(Data extracts)
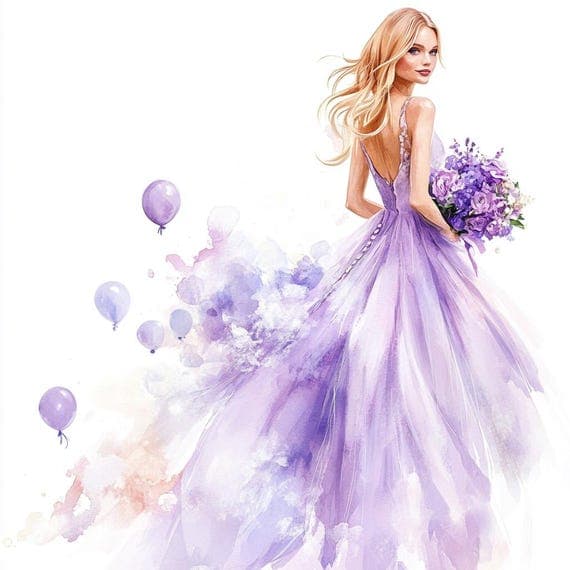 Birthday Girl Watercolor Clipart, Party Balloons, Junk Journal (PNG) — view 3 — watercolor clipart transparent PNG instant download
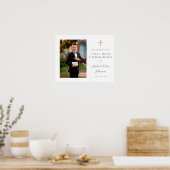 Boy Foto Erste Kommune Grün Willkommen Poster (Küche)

* * *

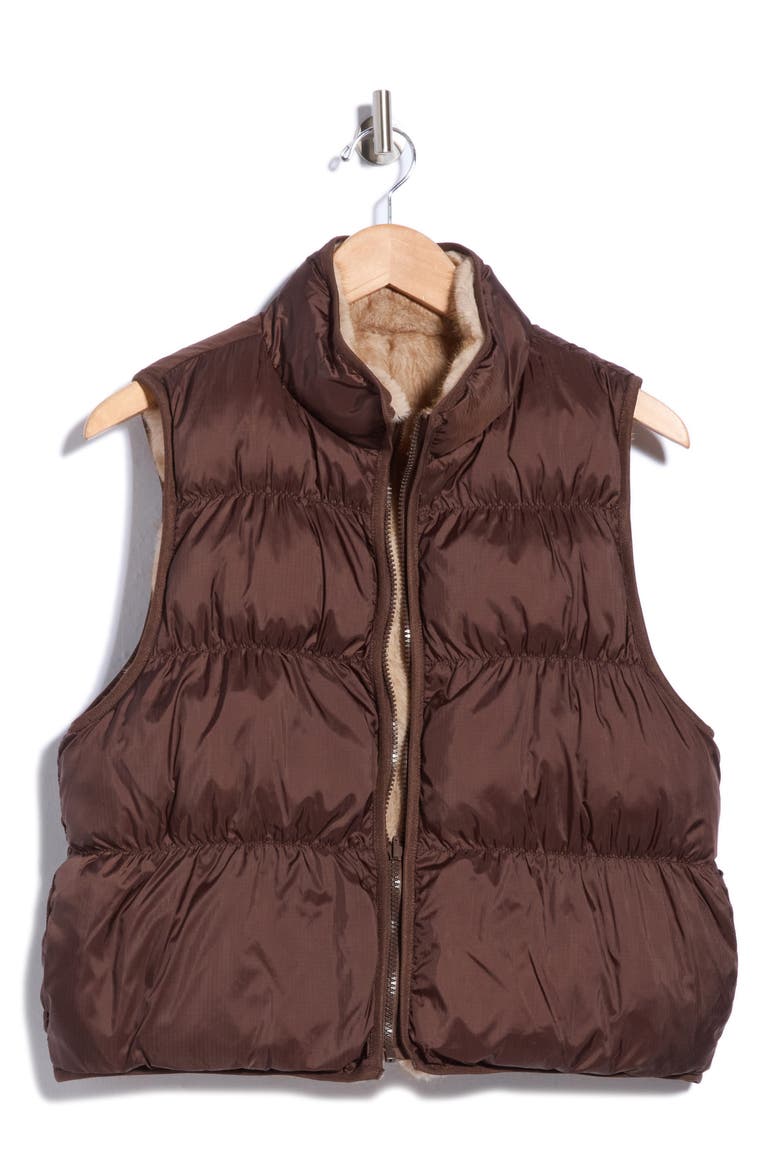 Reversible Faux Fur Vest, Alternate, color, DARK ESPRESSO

--

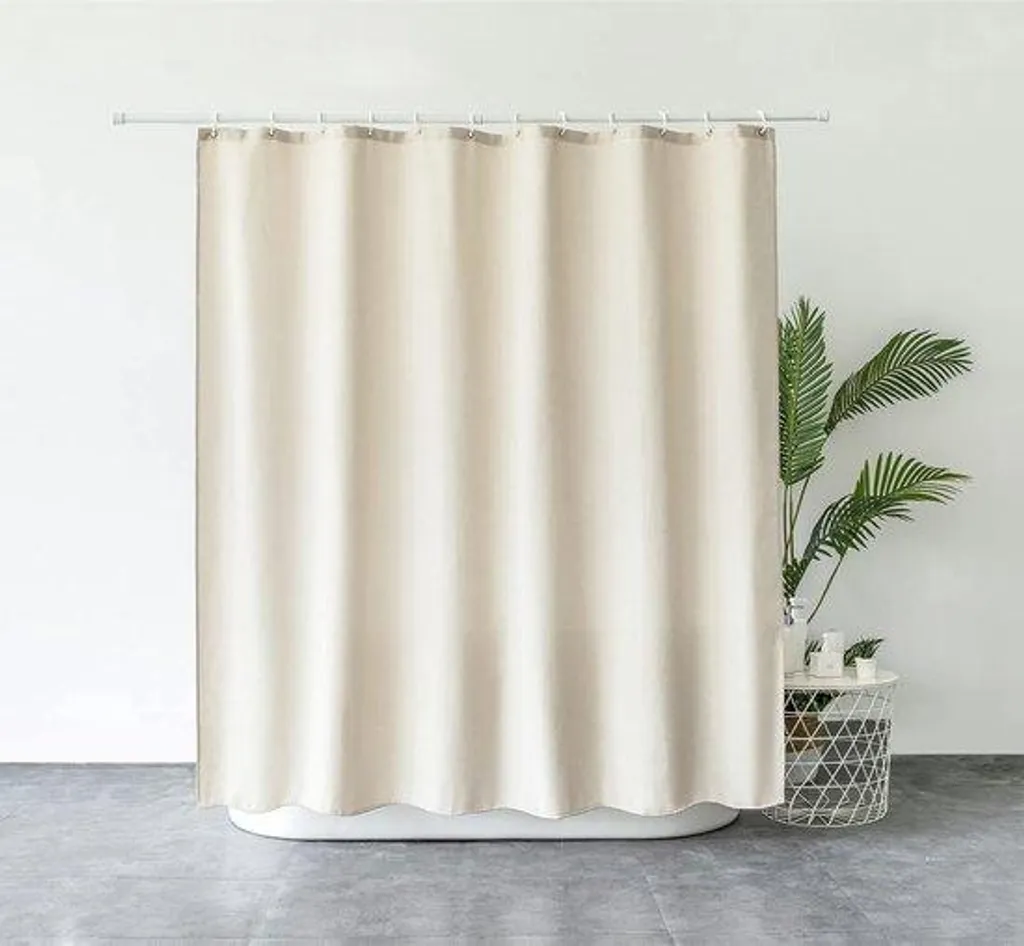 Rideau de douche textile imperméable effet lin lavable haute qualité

(Task directions)
Starting at the line containing "Birthday Girl Watercolor" and stopping at the line containing "Boy Foto Erste", output each line exactly as it appears above. Leave out the pictures.

(Answer)
 Birthday Girl Watercolor Clipart, Party Balloons, Junk Journal (PNG) — view 3 — watercolor clipart transparent PNG instant download
 Boy Foto Erste Kommune Grün Willkommen Poster (Küche)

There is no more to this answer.